II. Les conditions de mise en œuvre de la procédure et le régime de la co-titularité
La cour examine la régularité de la procédure au regard des informations détenues par l’administration (A) avant de statuer sur les conséquences de la co-titularité du compte bancaire (B).
A. La connaissance préalable du montant des avoirs par l’administration
L’appelant soutenait que la procédure engagée était irrégulière au motif que l’administration ignorait le montant du solde créditeur lors du déclenchement de la procédure. Il estimait que les services fiscaux ne disposaient d’aucun élément leur permettant de déduire que le compte en question était approvisionné.
La cour écarte ce moyen en relevant qu’il « manque en fait ». Elle constate que l’administration « a reçu au plus tard le 26 octobre 2017 l’information des autorités fiscales allemandes du fait que M. [T] détenait un compte à l’étranger provisionné à hauteur d’une somme de 209 824 euros en 2009 ». Lors de la demande d’éclaircissements adressée au contribuable le 26 décembre 2017, le montant de la provision était donc nécessairement connu.
La cour refuse de se prononcer sur la question de savoir si l’exigence d’une connaissance préalable du montant constitue un ajout au texte légal. Elle se borne à constater que cette condition, à la supposer requise, était en tout état de cause remplie. Cette approche pragmatique évite d’enrichir inutilement les conditions procédurales posées par le texte tout en préservant les droits du contribuable dans les cas où l’information serait effectivement absente.
B. L’absence de présomption de partage en matière de co-titularité
Le contribuable invoquait sa qualité de co-titulaire du compte litigieux pour obtenir une réduction de moitié de son imposition. Il produisait des éléments établissant que le compte avait été ouvert à son nom mais également au nom d’une tierce personne.

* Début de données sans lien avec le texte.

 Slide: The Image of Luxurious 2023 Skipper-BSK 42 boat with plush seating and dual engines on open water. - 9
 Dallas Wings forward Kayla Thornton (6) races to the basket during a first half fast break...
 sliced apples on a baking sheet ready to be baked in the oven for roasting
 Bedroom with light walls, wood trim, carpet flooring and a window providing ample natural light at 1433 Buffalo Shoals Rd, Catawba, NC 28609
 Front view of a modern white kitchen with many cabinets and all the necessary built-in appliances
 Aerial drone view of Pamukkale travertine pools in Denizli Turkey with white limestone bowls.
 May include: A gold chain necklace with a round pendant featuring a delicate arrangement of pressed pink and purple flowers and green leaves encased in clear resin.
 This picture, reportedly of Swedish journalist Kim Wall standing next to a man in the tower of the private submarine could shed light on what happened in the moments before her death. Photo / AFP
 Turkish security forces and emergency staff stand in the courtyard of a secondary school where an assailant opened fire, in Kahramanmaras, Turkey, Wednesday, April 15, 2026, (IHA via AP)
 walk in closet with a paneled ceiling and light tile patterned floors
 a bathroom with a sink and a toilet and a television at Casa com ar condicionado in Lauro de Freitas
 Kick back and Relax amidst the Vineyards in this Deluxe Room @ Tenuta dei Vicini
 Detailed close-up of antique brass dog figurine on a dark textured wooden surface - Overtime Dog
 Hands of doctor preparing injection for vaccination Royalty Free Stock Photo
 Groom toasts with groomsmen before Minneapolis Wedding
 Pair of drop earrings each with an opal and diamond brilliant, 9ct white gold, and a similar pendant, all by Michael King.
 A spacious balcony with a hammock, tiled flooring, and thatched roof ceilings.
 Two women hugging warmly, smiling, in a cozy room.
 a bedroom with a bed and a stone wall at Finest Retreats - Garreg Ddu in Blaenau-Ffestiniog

La cour rappelle le principe selon lequel « la titularité d’un compte de dépôt à vue ne détermine pas à elle seule la qualité de propriétaire des fonds qui y sont déposés ». Elle admet une exception pour les époux communs en biens au profit desquels joue la présomption de communauté. En l’espèce, il ne résulte pas des pièces de la procédure que les co-titulaires soient unis par les liens du mariage sous un régime de communauté.
La cour envisage plusieurs hypothèses quant à la nature des liens unissant les co-titulaires. S’ils étaient en relation de concubinage régie par une convention, les fonds pourraient être qualifiés de biens indivis. S’ils sont simplement en relation d’affaires, le même régime probatoire s’applique. Dans tous les cas, « il incombait dès lors à l’appelant de démontrer qu’il ne détenait pas la propriété de la moitié de la provision figurant au crédit ».
Cette solution fait peser la charge de la preuve sur le contribuable qui invoque un partage des avoirs. L’administration peut donc redresser l’intégralité des sommes figurant sur un compte co-détenu, sauf au contribuable à démontrer qu’une partie de ces avoirs appartient au co-titulaire. Cette règle s’inscrit dans la logique de l’article 755 du code général des impôts qui présume les avoirs non justifiés comme constituant un patrimoine acquis à titre gratuit par le titulaire du compte.